The two set off on a three year grand tour of Europe, where they admired European architecture in England, France and Italy.
Upon their return to Macon in 1854, the Johnston’s began construction of an Italian Renaissance Revival style home.
By 1860, the ‘Palace of the South’ was completed and consisted of three bathrooms with running water, a central heat system, call system and elaborate ventilation system.
The Johnston’s had two daughters, Mary Ellen and Caroline.
“Mary Ellen married the youngest judge in the state, Judge William Felton, and they inherited the house,” says Poston
The Felton’s passed away in 1926, leaving behind one son, William Felton Junior, who sold the house to Parks Lee Hay.
The Hay’s raised three of five children in the home and resided in the mansion up until the 1960’s following the death of Mr. & Mrs. Hays. The children passed ownership of the house over to the Georgia Trust for Historic Preservation in 1977.
In the late 1970’s, the Georgia Trust began a 40 year restoration of the home.
In the past two years, studies have been done to restore the upper level rooms.

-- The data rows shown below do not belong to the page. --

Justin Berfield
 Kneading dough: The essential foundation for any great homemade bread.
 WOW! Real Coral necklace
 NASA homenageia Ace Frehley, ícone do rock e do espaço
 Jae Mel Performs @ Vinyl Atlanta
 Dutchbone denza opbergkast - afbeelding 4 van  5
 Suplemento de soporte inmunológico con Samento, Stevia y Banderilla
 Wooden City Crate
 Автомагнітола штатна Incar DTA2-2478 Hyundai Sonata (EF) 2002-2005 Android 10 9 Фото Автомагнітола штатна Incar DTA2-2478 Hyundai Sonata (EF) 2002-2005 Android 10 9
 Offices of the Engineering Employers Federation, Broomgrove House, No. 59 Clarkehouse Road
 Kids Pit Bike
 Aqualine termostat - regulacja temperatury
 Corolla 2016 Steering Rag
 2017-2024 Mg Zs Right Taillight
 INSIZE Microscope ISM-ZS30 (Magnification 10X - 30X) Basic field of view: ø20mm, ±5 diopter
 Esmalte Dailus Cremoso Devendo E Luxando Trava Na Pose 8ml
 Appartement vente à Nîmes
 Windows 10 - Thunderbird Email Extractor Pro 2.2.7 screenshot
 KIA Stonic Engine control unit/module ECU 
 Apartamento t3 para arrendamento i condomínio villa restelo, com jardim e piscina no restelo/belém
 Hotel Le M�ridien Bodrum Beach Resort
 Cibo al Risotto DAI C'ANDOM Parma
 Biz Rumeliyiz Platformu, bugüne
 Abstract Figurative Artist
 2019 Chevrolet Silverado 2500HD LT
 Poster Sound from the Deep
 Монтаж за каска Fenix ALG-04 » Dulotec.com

One bedroom upstairs has been restored, while the hallway is currently being restored back to the Johnston period.
The museum offers tours of the house Monday to Saturday from 10 a.m. to 4 p.m and Sunday from 1 to 4 p.m.
On October 30th, the Hay House will host a special “Legends & Lore” tour of the home recounting stories of supernatural experiences people have had in the mansion. The tour will also discuss the legends of the house – like tunnels that supposedly run to the river and lost confederate gold.